Hors de Konni, la destination que les individus déclarent fréquenter le plus est le Nigéria (tableau 52) ; c’est aussi là que les individus vont plus spécifiquement pour faire leurs courses.
% de fréquentation | Part de ceux qui n’y font que des achats | |
Nigéria | 98 | 5/6 |
Villages environnants | 4 | 1/3 |
Ailleurs au Niger | 5 | 1/4 |
Les villages environnants sont très peu fréquentés. Les rares personnes qui le font, y vont très peu souvent (la fréquence indiquée en général est : ’au moins une fois par an’), et surtout, elles n’y vont pas spécialement pour cela (tableau 52).
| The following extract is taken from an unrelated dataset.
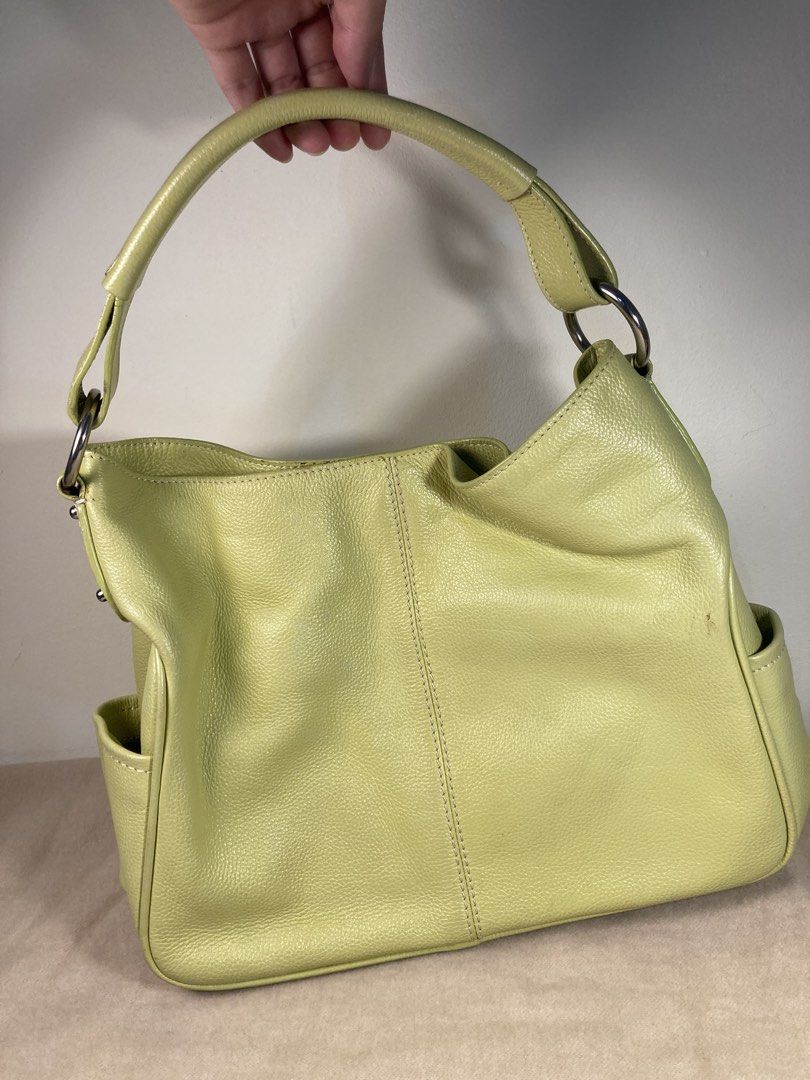 Tod's Hobo (Category: Luxury Bags & Wallets) located in Manila. Submitted by vintagefirstladyy_2.0 (Listing ID 1450120400, Image 3). Description: in really good condition and very convenient to use hobo!!.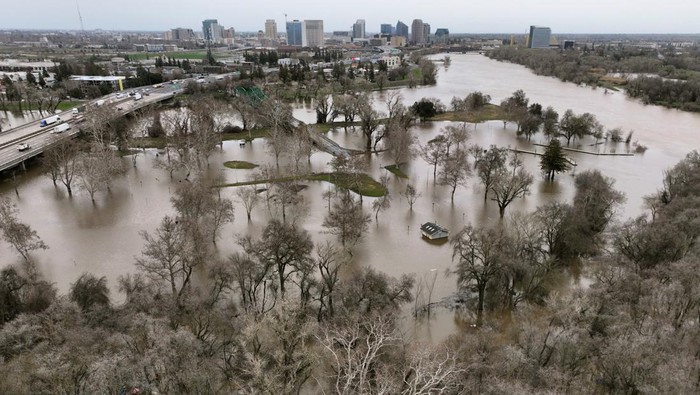 View of flooding from the rainstorm-swollen Sacramento and American Rivers, near downtown Sacramento, California, U.S. January 11, 2023. REUTERS/Fred Greaves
Nous expliquons ce phénomène de deux manières ; d’abord par le fait qu’en toute logique, il ‘’existe toute une gamme d’échanges interfamiliaux qui permettent aux citadins de s’approvisionner à bon compte et aux ruraux d’accéder aux services urbains (...) à moindre coût. Les citadins soutiennent par des envois d’argent, de provisions, la parenté restée au village. Ils les hébergent et leur facilitent l’insertion dans l’économie et la société urbaines’’ (Courade, 1985 : 76). Il existerait donc en ville des ’poches importantes de ruralité’, et cela, même en faisant abstraction de la grande pratique de l’agriculture pas les Konnawas. La deuxième raison que l’on peut invoquer pour expliquer le faible approvisionnement des citadins dans l’arrière-pays, est que le marché de Konni semble assez bien approvisionné en produits qui en proviennent, pour ne pas justifier la nécessité d’effectuer soi-même le déplacement. Rappelons en effet que le jour du marché de la ville, les villageois viennent nombreux pour vendre leur production directement aux consommateurs, ou aux commerçants. L’offre est donc importante et les écarts de prix probablement peu significatifs.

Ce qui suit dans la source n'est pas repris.